Directions → What is needed is a word-for-word copy of the lines below from the one with "17PCS Father's Day" through the one with "HDMI Male Plug to", both included, with every picture left out.

Provided data Start Marker

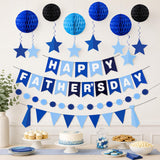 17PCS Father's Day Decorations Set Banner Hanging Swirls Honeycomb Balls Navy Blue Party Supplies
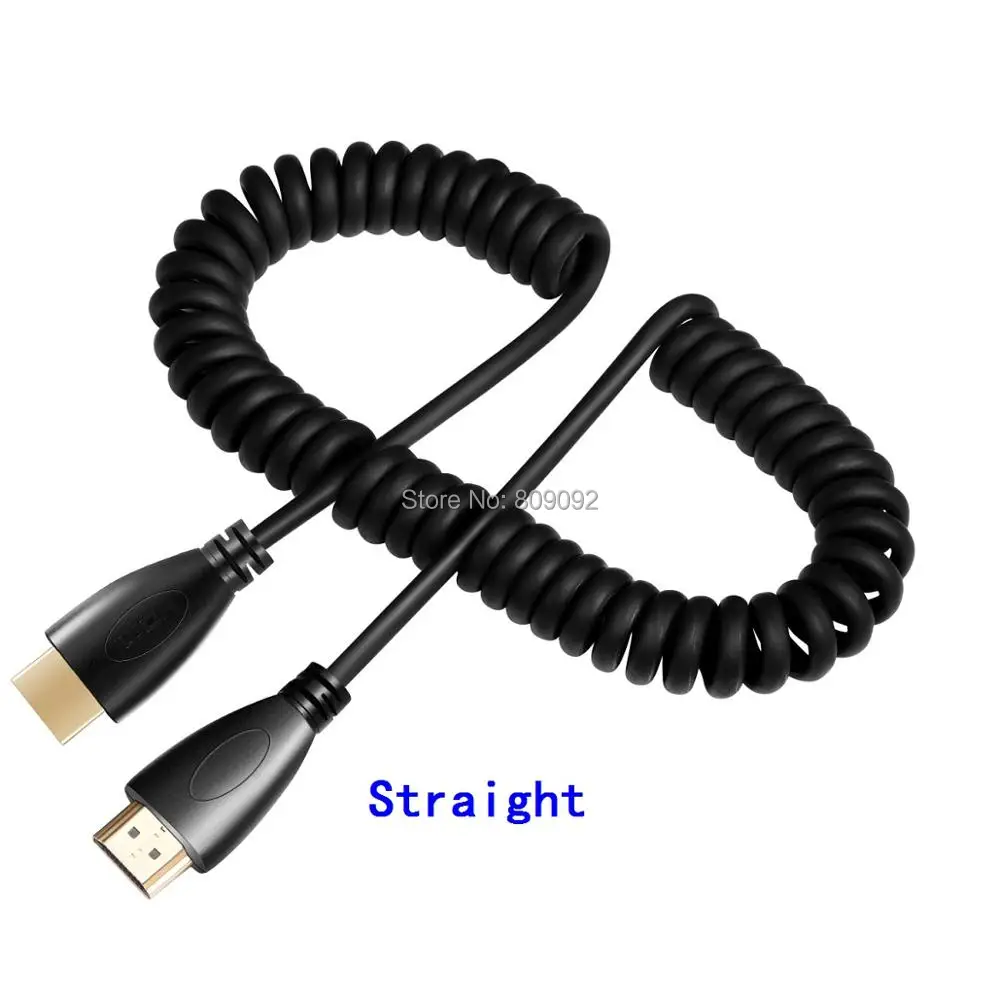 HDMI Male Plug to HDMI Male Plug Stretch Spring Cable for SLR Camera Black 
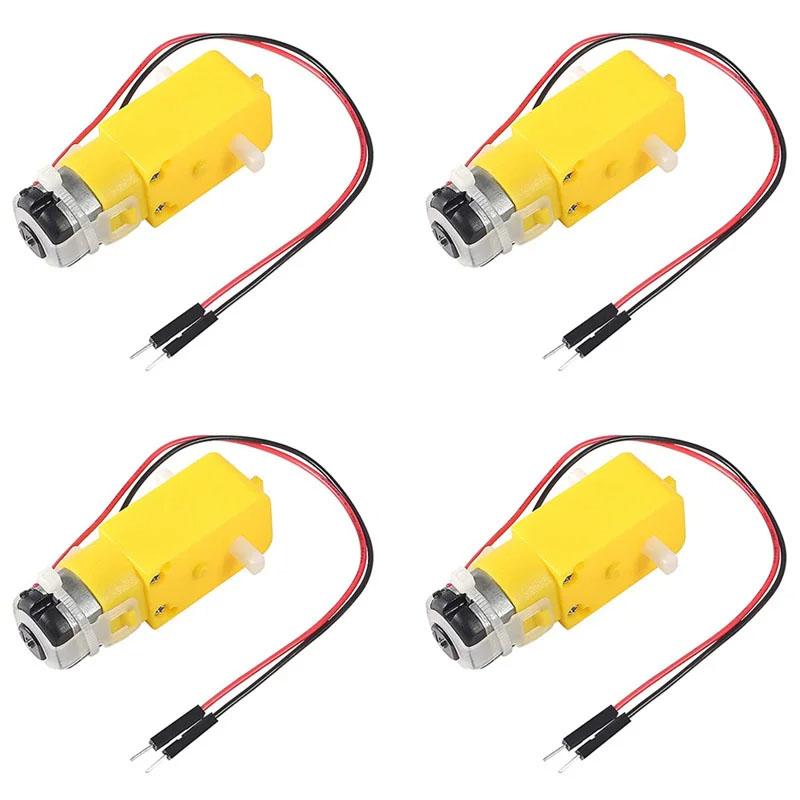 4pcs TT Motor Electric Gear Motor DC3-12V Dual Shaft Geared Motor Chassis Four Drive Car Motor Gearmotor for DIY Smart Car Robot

Provided data End Marker
Provided data Start Marker

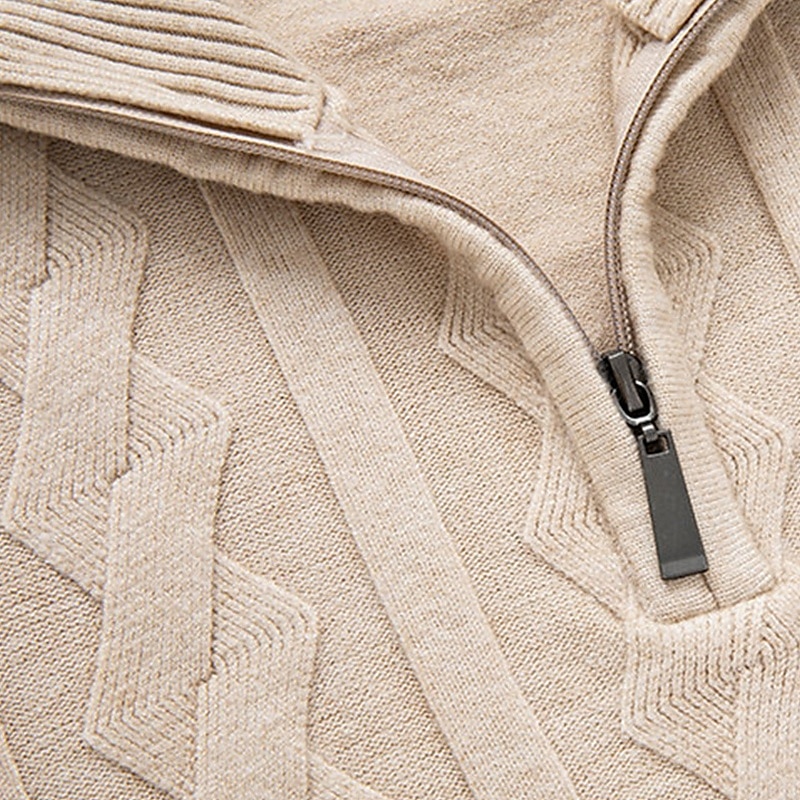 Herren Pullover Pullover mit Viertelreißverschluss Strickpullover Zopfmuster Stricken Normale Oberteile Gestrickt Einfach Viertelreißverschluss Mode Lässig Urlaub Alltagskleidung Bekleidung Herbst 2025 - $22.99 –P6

Provided data End Marker

Written solution →
 17PCS Father's Day Decorations Set Banner Hanging Swirls Honeycomb Balls Navy Blue Party Supplies
 HDMI Male Plug to HDMI Male Plug Stretch Spring Cable for SLR Camera Black 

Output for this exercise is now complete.